• Task directions
Where the listing below has a line with "SUNSHINE SS-057B film", write out exactly that line and every line after it, stopping after the line with "Apartamento T1 em Lisboa - Photo 5".

• Excerpted data
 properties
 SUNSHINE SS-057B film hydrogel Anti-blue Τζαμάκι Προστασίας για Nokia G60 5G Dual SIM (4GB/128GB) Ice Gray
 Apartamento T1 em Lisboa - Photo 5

* * *

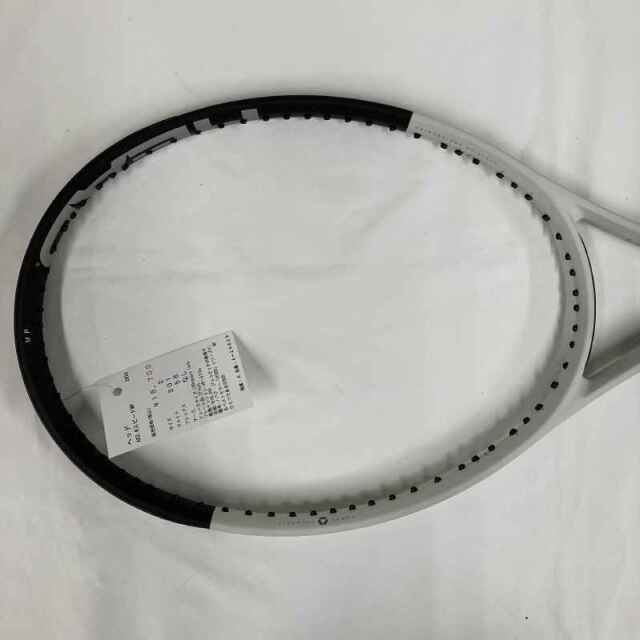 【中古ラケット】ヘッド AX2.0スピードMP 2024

* * *

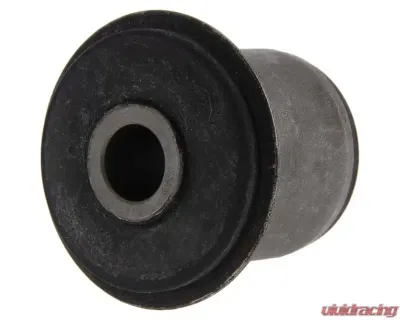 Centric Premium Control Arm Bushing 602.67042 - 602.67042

• Written answer
 SUNSHINE SS-057B film hydrogel Anti-blue Τζαμάκι Προστασίας για Nokia G60 5G Dual SIM (4GB/128GB) Ice Gray
 Apartamento T1 em Lisboa - Photo 5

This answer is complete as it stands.